Extracted information »
******
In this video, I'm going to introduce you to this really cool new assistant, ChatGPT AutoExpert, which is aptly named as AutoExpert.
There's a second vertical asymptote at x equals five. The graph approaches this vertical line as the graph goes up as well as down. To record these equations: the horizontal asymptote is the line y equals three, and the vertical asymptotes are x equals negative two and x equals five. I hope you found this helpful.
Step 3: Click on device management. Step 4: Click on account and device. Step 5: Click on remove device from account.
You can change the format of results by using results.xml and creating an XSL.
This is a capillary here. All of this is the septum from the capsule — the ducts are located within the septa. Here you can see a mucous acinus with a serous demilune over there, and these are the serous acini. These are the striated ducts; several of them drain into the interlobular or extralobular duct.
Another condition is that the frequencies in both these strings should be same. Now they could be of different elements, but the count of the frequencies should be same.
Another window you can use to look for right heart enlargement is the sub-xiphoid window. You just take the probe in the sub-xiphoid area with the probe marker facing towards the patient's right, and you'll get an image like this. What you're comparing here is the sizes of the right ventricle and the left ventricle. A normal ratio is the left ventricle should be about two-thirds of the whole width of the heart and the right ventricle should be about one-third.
******
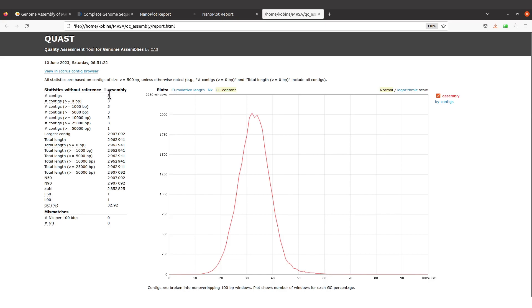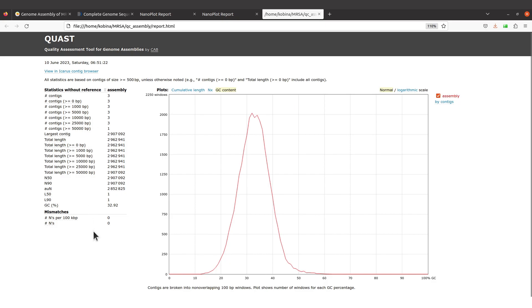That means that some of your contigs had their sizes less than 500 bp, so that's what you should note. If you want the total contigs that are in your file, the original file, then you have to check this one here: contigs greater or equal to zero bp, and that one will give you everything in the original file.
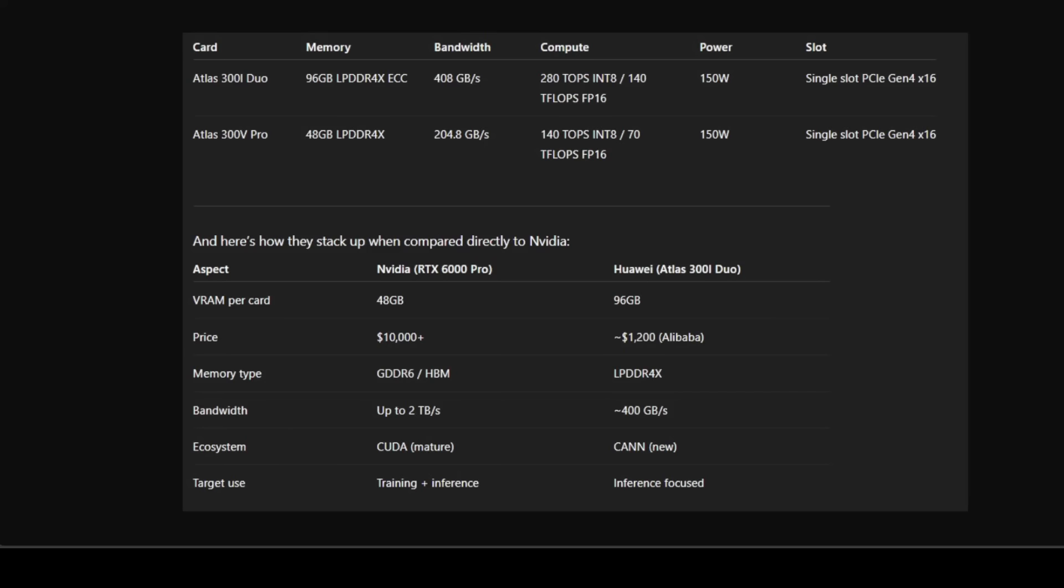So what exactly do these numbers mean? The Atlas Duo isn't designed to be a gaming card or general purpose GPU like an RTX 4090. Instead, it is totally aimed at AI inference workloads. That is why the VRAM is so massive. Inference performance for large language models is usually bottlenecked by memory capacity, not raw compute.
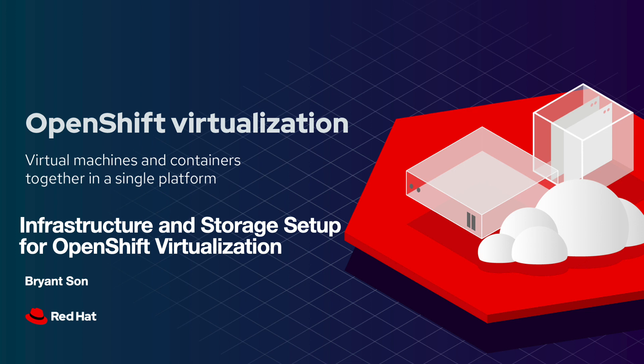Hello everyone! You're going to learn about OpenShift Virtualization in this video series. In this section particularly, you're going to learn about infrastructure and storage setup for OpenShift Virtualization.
******
Repeat the entries above verbatim, but only from the line that has "There's a second" down to the line that has "You can change", inclusive.

There's a second vertical asymptote at x equals five. The graph approaches this vertical line as the graph goes up as well as down. To record these equations: the horizontal asymptote is the line y equals three, and the vertical asymptotes are x equals negative two and x equals five. I hope you found this helpful.
Step 3: Click on device management. Step 4: Click on account and device. Step 5: Click on remove device from account.
You can change the format of results by using results.xml and creating an XSL.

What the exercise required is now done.